Не только теперь, но и тогда я понимал, что для роли Гоншона нужен не я, а какой-нибудь большой актер. Но его не было. Сергей Михайлович нас ободрял, а мы старались...
В этой работе Эйзенштейн показал себя талантливым театральным художником и смелым режиссером-постановщиком.
А. Февральский уточняет: «...в центральном гарнизонном клубе поставили «Взятие Бастилии» («Четырнадцатое июля») Ромена Роллана. Это представление было разыграно объединенными силами студии, красноармейцев и командиров различных частей; одна из женских ролей исполнялась актрисой городского театра Арнольди, которая и поставила спектакль; Эйзенштейн работал здесь в качестве художника. «Взятие Бастилии» прошло три-четыре раза и имело большой успех у зрителей-красноармейцев и у местного населения».
Весь февраль и половину марта труппа любителей - драматическая студия при Великолукском гарнизонном клубе, созданная Сергеем Михайловичем, - работает над одноактной пьесой А. Амнуэля «Марат». Эйзенштейн выступал в этом спектакле как режиссер, декоратор и исполнитель роли Тюваша. Кстати, выходившая в Великих Луках газета «Красная звезда» (орган Политотдела 15-й армии) поместила отзыв о вечере, устроенном 19 марта 1920 года труппой гарнизонного клуба в театре «Коммуна». Первое отделение «богатой и разнообразной» программы вечера занимала постановка «Марата». Не называя фамилии Эйзенштейна (как и других участников спектакля), рецензент пишет, что «подобранные для этой пьесы декорации, костюмировка и грим не оставляли желать лучшего». Игру актеров он считает «в общем удовлетворительной», хотя и упоминает о «надрывавшемся в будке суфлере».

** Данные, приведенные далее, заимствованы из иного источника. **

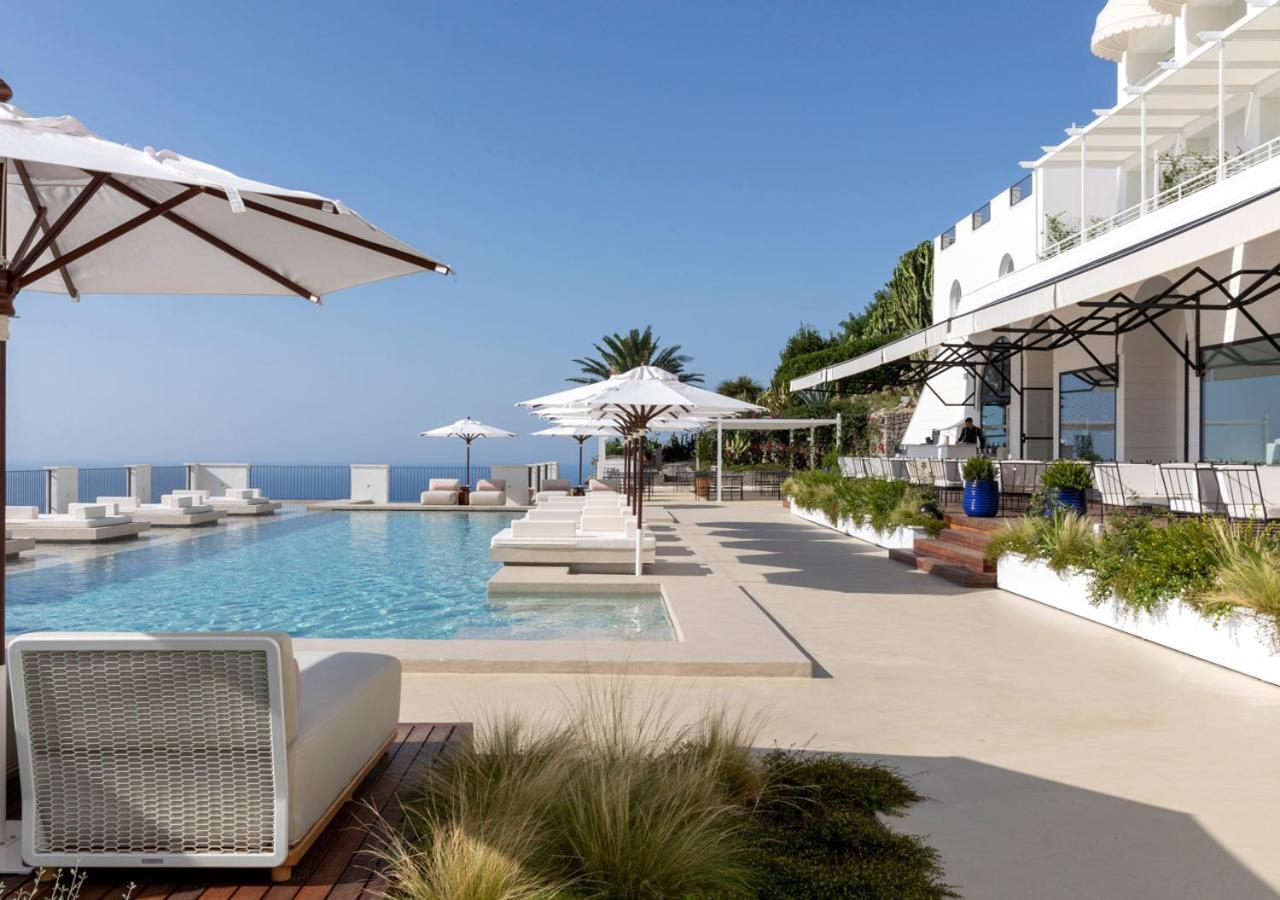 Furore Grand Hotel Exterior photo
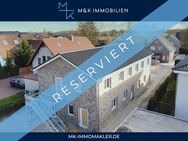 -RESERVIERT- NEUBAU: 4 Wohnungen (66 - 69 m²) in KfW40 Bauweise und zentraler Wohnlage zu vermieten! - Dinklage
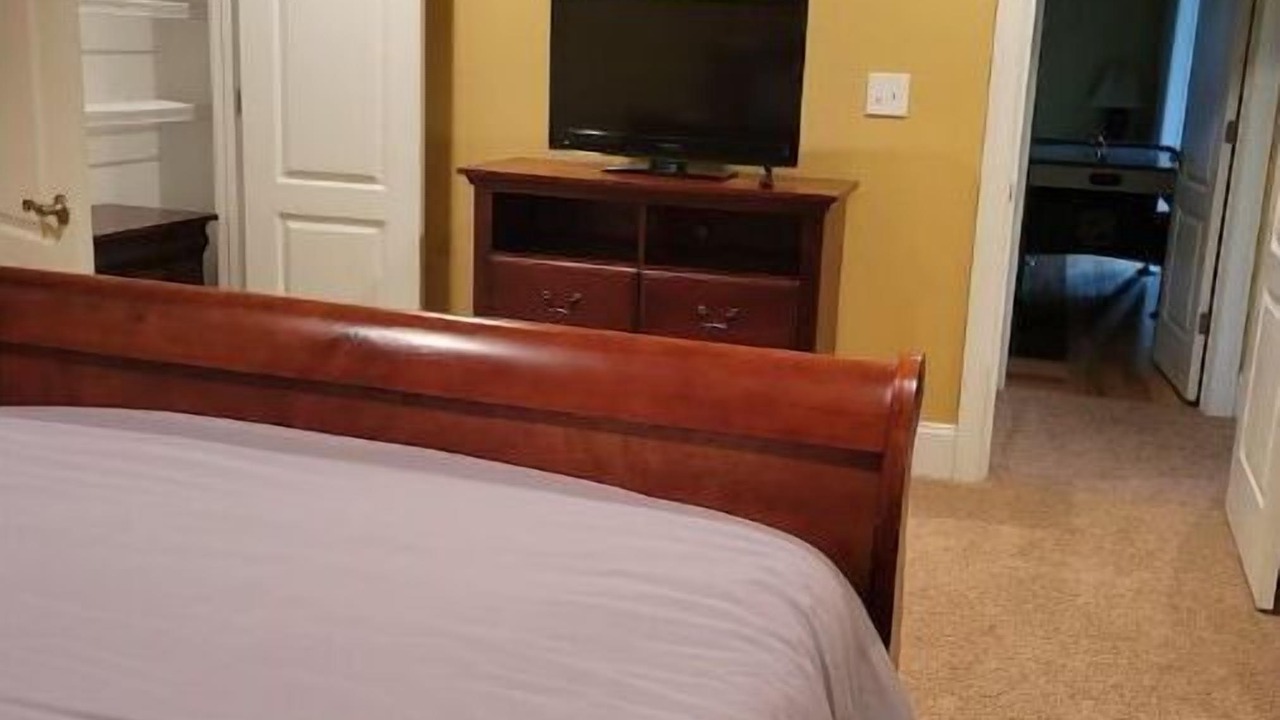 Photo of Bedroom in Lake Norman of Catawba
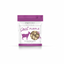 GREEN JUJU DOG/CAT FREEZE DRIED - WHOLE FOOD BITES GOAT PURPLE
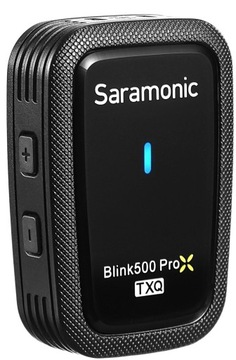 Система SARAMANIC Blink500 ProX Q3 RXDi + TX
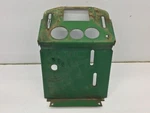 John Deere 655 Dash Tower AM116606 755 855 (1991- (s.n. 100001-350000) Used. Price: $89.99.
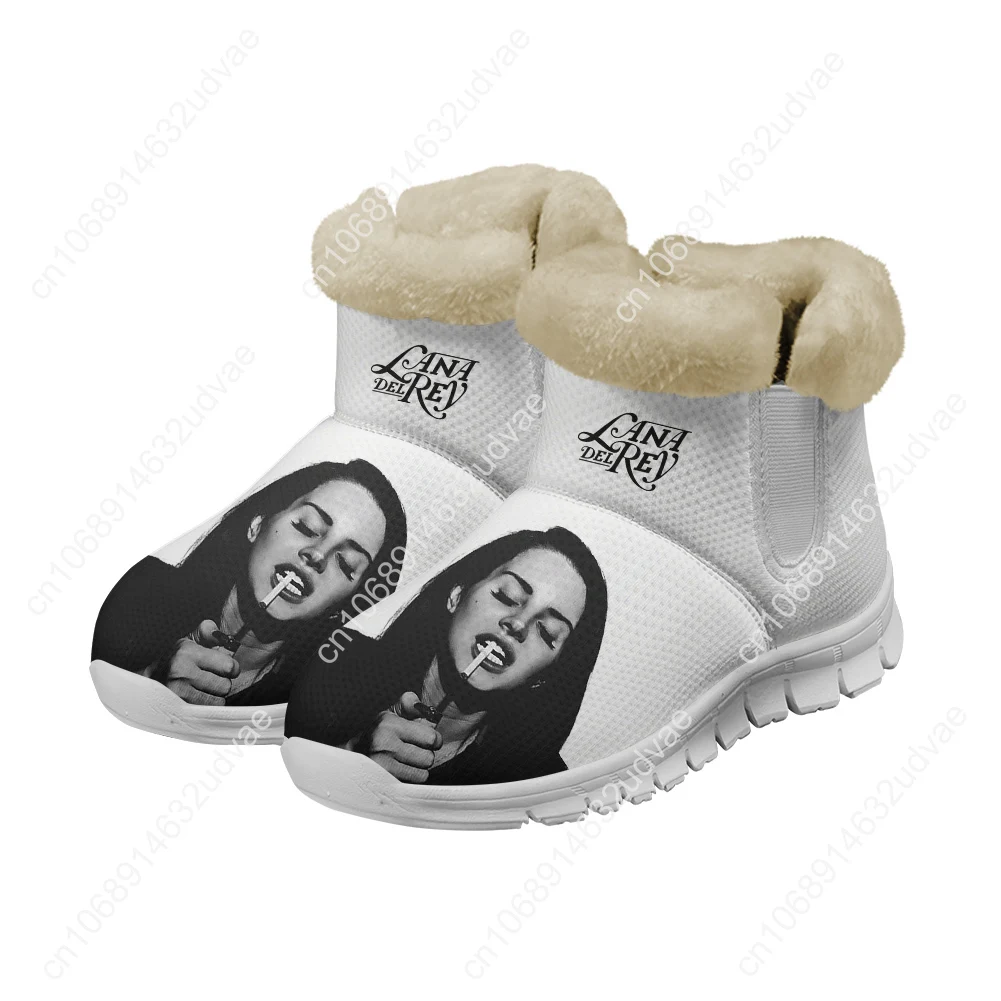 Lana Del Rey Singer Plush Shoe - Men'S Shoes Casual Sneakers recensie en prijs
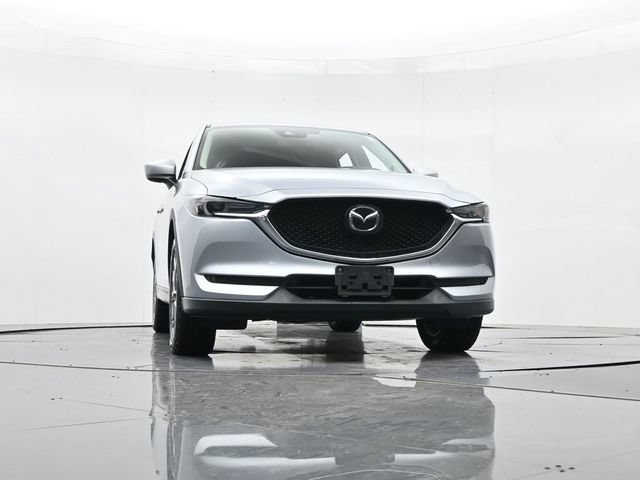 Used 2020 MAZDA CX-5 Grand Touring AWD/4WD image 36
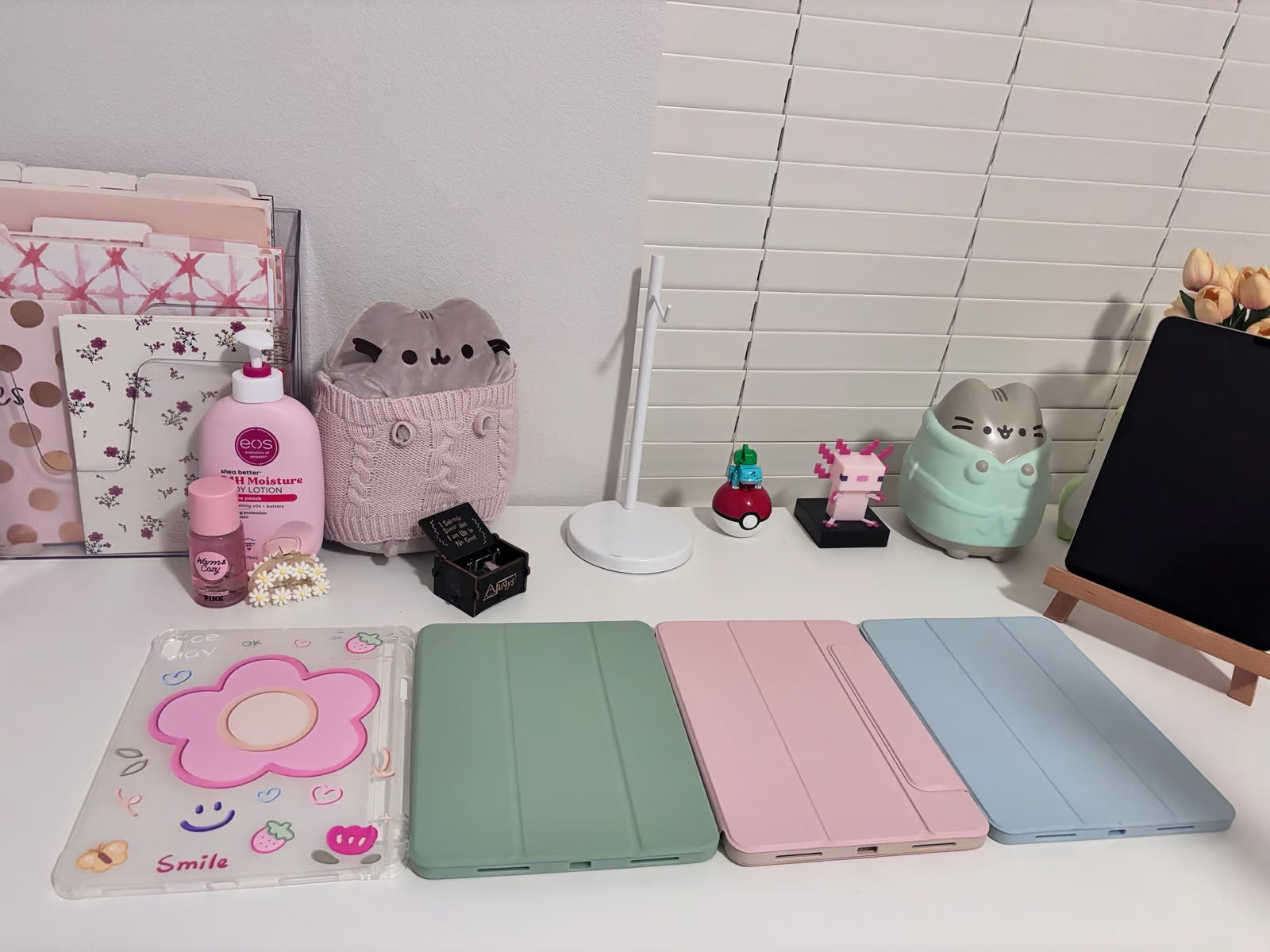 iPad Air 5th Gen 11in 1O69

А в апреле начали подумывать о постановке «Жоржа Дандена» Мольера. Надо ли говорить, что эскизы декораций и костюмов к этой пьесе готовил Эйзенштейн! Увы, постановки этой не удалось осуществить. 25 мая 1920 года 18-е военное строительство (и, конечно, начинающий режиссер) передислоцировано ближе к фронту против белополяков - в Полоцк.

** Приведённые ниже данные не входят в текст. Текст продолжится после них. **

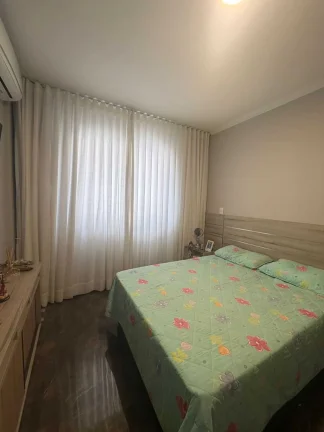 Imagem Apartamento à venda no bairro Castelo - Belo Horizonte/MG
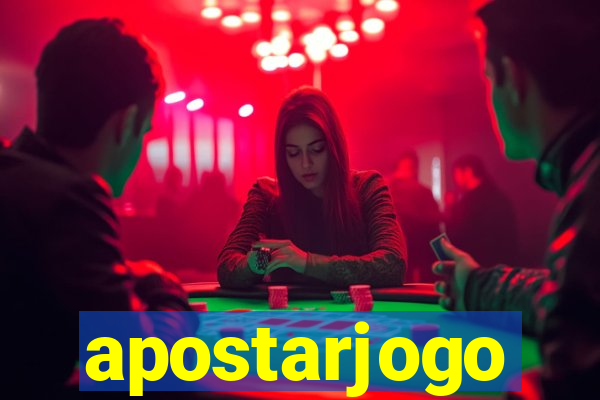 apostarjogo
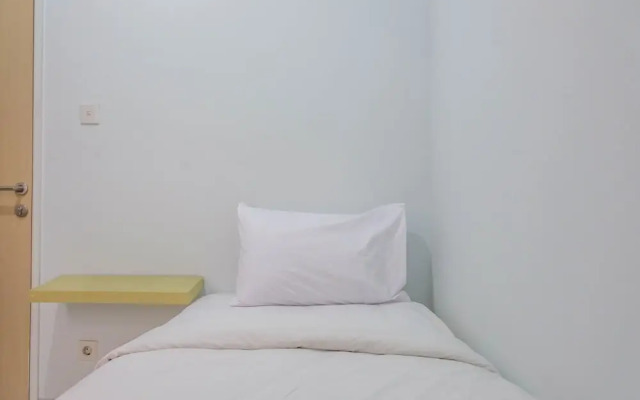 Luxurious and Convenient 2BR Ayodhya Apartment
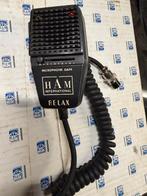 Ham International Relax, Enlèvement ou Envoi, Utilisé, Émetteur et Récepteur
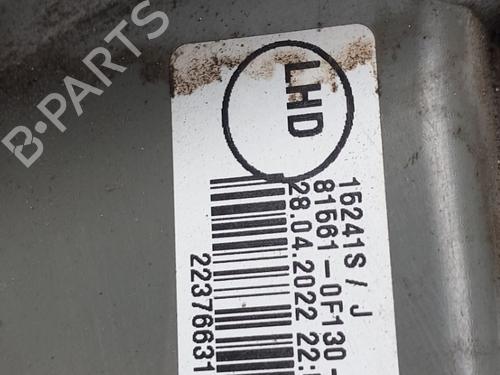 Left taillight TOYOTA VERSO (_R2_) 1.6 D4-D (WAR20_) | BP30905943C34 - Image 3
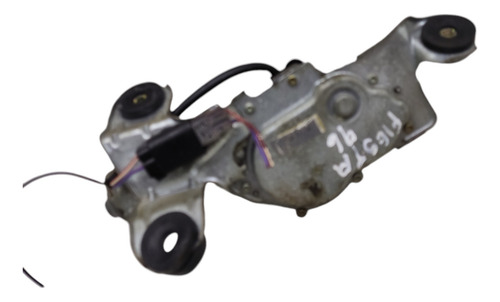 Motor Limpador Traseiro Ford Fiesta 1996 305 - Imagem 4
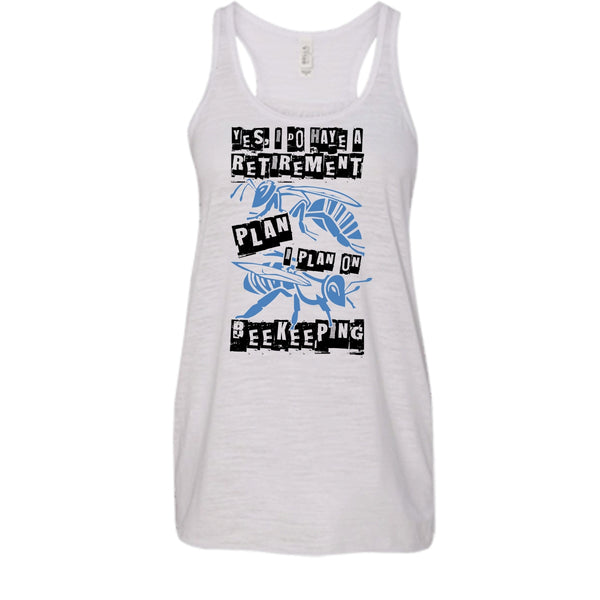 I Do Have A Retirement Plan T Shirt, Coolest Beekeeper T Shirt, Awesome t-shirts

Поезд, в котором покидал Луки Эйзенштейн, вез его к будущей славе... Но сам творец «Броненосца «Потемкина» почему-то не любил вспоминать об этом периоде своей жизни, даже в «Биографии», построенной хронологически, Сергей Михайлович период 1918-го - июль 1920-го определил лишь со стороны деловой: «В военном строительстве: чертежником, техником, пом. производителя работ. Гатчина, Вожега (Архангельский фронт), Двинск, Полоцк (Западный Фронт)», а о театре не упомянул ни слова, даже Великих Лук не назвал...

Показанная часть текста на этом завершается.